Ptolemy Tompkins (born 1962) is an American writer specializing in books describing the role of the spiritual in ordinary life. His best-known work, "Proof of Angels" (Howard Books, 2014), co-authored with Utah police officer Tyler Beddoes, focuses on the death of Jennifer Lynn Groesbeck, whose car veered into the Spanish Fork River just outside the town of Spanish Fork, and the mysterious voice which Beddoes, along with three other responding officers, heard inside the car as they struggled to right it. Tompkins also collaborated with Eben Alexander on his mega-selling "Proof of Heaven" (Simon & Schuster, 2012) and its follow-up, "The Map of Heaven" (Simon & Schuster, 2014).

==Biography==
Tompkins was born in Washington, D.C., educated at Sarah Lawrence College, and currently lives off the coast of Maine.
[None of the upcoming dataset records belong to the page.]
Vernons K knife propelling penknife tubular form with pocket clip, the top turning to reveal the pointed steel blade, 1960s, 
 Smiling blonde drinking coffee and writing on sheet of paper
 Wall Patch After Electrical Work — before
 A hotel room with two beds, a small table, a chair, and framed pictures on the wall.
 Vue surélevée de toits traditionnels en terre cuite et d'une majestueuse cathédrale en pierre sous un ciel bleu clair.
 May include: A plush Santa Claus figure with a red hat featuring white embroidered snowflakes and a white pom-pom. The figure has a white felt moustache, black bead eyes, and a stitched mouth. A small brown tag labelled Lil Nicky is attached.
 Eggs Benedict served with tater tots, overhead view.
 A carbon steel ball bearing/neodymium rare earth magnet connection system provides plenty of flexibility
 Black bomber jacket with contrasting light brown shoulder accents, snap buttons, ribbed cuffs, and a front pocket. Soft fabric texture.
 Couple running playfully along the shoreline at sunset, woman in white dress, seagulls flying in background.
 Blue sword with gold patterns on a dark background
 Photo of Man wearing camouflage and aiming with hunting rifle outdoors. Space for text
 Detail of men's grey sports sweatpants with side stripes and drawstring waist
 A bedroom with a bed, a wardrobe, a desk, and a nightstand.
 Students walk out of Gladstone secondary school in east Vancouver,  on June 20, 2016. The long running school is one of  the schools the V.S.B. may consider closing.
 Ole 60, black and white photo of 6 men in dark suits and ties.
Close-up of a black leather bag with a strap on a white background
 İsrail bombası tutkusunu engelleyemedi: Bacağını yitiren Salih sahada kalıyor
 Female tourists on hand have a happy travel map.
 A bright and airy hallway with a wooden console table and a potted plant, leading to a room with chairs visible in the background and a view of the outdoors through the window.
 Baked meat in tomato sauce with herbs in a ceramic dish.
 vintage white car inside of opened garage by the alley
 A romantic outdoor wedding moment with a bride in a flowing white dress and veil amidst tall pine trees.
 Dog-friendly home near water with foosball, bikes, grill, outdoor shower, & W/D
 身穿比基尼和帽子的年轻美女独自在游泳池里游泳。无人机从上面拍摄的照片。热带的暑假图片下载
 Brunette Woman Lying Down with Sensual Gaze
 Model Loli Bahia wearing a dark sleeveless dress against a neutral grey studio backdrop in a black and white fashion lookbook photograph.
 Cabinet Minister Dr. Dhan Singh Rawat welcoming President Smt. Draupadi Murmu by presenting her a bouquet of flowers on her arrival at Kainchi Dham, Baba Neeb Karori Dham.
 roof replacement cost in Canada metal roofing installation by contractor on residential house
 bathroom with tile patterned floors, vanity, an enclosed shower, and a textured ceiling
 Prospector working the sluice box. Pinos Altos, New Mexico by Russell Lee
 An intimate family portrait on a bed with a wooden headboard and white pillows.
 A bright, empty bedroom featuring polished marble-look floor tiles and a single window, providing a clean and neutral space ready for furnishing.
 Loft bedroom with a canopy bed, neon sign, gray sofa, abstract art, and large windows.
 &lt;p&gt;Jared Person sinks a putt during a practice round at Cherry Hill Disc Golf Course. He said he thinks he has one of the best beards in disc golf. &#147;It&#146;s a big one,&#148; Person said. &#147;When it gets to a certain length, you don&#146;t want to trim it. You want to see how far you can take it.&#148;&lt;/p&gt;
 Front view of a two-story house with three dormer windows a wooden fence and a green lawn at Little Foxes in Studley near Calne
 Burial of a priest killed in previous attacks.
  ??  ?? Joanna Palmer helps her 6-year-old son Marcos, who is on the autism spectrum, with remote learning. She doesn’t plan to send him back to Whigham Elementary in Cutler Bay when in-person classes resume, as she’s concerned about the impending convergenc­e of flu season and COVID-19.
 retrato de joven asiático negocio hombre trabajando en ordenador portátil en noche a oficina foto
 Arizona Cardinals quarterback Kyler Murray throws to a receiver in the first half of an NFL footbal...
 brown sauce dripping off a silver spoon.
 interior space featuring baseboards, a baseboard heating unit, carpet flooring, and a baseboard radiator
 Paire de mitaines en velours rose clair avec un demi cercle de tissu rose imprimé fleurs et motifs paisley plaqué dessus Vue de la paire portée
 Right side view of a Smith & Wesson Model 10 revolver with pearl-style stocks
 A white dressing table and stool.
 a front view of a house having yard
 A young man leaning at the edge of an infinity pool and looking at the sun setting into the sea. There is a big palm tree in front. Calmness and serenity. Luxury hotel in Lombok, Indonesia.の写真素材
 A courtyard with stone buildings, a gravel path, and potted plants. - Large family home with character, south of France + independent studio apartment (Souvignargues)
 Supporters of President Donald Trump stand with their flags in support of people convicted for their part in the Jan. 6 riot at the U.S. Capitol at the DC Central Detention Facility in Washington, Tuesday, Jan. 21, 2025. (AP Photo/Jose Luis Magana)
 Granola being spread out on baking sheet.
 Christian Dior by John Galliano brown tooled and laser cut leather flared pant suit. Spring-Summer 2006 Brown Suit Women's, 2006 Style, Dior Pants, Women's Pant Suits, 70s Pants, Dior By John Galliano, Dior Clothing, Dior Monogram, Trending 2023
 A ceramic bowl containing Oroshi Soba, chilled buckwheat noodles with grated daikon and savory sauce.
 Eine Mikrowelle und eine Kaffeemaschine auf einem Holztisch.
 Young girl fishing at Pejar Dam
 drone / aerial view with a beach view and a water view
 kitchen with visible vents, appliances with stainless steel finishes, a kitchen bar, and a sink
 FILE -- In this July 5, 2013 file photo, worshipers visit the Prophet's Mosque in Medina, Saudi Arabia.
He is the son of best-selling author Peter Tompkins (A Spy in Rome, Secrets of the Great Pyramid, The Secret Life of Plants, and others), and for nine years was an in-house editor at Guideposts Magazine. Paradise Fever (Avon Books, ISBN 038097438X), his 1997 memoir, chronicles his childhood in the early seventies, focusing on the time his father spent searching for Atlantis in the waters off of the island of Bimini in the Bahamas. His The Divine Life of Animals (Crown, 2010), argues for the validity of the idea that animals possess souls, while The Modern Book of the Dead (Atria, 2012) sketches a contemporary map of the afterlife focusing on the work of mid-twentieth-century afterlife investigators Robert Crookall and Jane Sherwood. Other books include The Beaten Path: Field Notes on Getting Wise in a Wisdom-Crazy World (William Morrow, 2000,ISBN 978-0-380-97822-9), which focuses on Tompkins' step-brother, the Buddhist Abbot Nicholas Vreeland. His first book, This Tree Grows Out of Hell, first published in 1990 but re-released in revised form by Sterling Books in 2010 (Sterling, ISBN 978-1-4027-4882-0), is a spiritual history of Mesoamerica heavily influenced by the thinking of Ken Wilber and Owen Barfield. "Proof of God" (Howard Books, 2017), written with astrophysicist Bernard Haisch, explores Haisch's work on the Zero Point Field and Haisch's contention that the physical world is analogous to a computer simulation, the ultimate programmer of which is God. Tompkins also appears in "Monk with a Camera," a 2014 documentary about his step-brother Nicholas Vreeland.

Tompkins' mother is Jerree Talbot Smith. He has two siblings, Timothy Christopher Tompkins (deceased), and Robin Ray of Hobe Sound, Florida.